Today's society is completely dependent and addicted to so-called "new technologies". Computers and the Internet are part of people's lives, especially adolescents.
The Internet is being used all the time and everywhere, not just through computers, laptops and tablets, but through all sorts of mobile devices, and has been for some time now.
But will the computers we are familiar with now continue to exist in the future in a similar form or will they change?
Michio Kaku has an intriguing take on the issue:
At the International Industrial Trade Fair "INNOPROM 2013", which is held in the city of Ekaterinburg, the TV host from Discovery Channel and futurologist, Michio Kaku, declared that computers will disappear by 2020.
Kaku predicts that electricity and computers will be everywhere and nowhere. According to him, computers as we know them will vanish and the same will happen to the Internet as well.
The theoretical physicist from the City College of New York predicts that each one of us will be turned into a walking computer. All of this will happen thanks to new the technologies and development of micro gadgets.
With a single twitch of the eye, for example, we will be able to obtain the desired information; at every given moment, each one of us will be an internet "carrier", predicts Michio Kaku, the student of Nobel laureate Edward Teller.
According to Kaku, everyone will be able to read the information using a contact lens, which will be something like a mini chip-projector.
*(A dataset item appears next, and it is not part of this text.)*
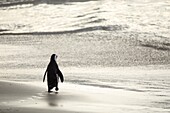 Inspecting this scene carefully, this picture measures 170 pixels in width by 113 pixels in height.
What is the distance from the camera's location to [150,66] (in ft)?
88.4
Imagine that while the men are shopping, their wives are sitting comfortably on the living room sofa and actually seeing the products their husbands are holding in their hands.
The internet will surround us and give us the ability to complete many of our tasks a lot faster.
The physicist reminds also that according to Moore's law, computing power doubles every 18 months.
But besides that, Kaku presumes that a real clash between the technological and real world will occur in around 2020.
The world of technology is advancing at a very fast rate, in contrast to society, which is significantly falling behind the technological innovations.